- 14 ounces package Tortilla chips, you can use a 10 to 18-ounce package for this recipe.
- 14 ounces can black beans, drained and rinsed
- 8 ounces tempeh, diced very small
- 1/2 cup onion - red onion, diced
- 1 hot chili pepper, sliced thin crosswise
- 1/4 cup or 1 Roma tomato, diced small
- 2 tablespoons hempseed, raw shelled
- 1 cup or 1 avocado, diced
- 1 tablespoon lime juice - from one lime
- 3/4 cup raw cashews - soaked from 2 hours to overnight
- 1/2 cup water to be added to the mix when blended
- 1 tablespoon nutritional yeast
- 2 teaspoons tapioca starch - or tapioca flour, they're the same thing
- 1/2 teaspoon garlic powder
- 1/2 teaspoon onion powder
- 2 teaspoons lemon juice - fresh juice
- Cover the cashews with water and soak rom two hours to overnight. Drain.

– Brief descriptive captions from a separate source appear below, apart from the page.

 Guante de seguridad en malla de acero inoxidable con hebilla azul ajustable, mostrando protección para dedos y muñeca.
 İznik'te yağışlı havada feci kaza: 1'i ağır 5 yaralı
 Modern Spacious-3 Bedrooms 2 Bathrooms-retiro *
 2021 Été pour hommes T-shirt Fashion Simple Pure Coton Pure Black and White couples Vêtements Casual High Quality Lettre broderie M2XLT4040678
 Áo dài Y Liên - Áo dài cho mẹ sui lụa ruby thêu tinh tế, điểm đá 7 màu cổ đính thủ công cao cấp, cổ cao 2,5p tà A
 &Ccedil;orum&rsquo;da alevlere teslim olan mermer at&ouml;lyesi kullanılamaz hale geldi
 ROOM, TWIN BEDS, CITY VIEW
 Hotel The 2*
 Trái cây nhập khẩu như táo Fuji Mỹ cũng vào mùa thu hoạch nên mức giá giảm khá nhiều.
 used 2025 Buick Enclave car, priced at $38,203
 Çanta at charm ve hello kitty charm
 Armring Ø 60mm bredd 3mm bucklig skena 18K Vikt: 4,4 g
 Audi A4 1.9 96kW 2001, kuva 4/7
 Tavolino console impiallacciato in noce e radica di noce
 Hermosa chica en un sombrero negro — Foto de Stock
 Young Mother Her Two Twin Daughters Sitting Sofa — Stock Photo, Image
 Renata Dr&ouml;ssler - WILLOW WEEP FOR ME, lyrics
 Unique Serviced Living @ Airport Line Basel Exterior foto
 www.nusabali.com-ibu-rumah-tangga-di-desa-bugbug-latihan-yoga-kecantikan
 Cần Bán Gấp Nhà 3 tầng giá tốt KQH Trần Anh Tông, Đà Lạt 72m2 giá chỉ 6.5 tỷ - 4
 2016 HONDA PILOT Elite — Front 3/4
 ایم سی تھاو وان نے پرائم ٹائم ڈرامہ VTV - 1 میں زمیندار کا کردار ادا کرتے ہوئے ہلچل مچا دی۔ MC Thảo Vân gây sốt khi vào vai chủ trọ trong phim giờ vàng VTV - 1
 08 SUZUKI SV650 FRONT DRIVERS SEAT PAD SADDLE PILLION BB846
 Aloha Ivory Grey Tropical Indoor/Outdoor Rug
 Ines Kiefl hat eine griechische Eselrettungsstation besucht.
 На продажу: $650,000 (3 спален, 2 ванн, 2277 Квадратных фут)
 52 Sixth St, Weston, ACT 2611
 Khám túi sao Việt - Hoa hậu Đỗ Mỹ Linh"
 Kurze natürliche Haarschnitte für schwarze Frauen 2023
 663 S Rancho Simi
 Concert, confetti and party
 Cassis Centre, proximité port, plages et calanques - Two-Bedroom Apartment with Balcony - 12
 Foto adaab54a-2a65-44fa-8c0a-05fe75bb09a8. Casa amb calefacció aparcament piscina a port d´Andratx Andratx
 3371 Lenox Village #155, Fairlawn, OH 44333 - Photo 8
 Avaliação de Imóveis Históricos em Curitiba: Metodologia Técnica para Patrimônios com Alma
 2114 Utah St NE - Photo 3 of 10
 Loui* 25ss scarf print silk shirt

- Add all of the ingredients to a blender and blend until smooth. Turn this blended mixture into a saucepan.
- Cook on medium heat and stir until the sauce thickens a bit. It will take about 5 minutes. Take off the heat to cool.
- Lay all the chips on a platter. Sprinkle black beans, tomato, pepper, and tempeh (if used) over the chips.
- Dot with cashew cream. Sprinkle on red onion, chili pepper and raw hempseed.
- Dredge the avocado in lime juice. Sprinkle diced avocado over the nachos.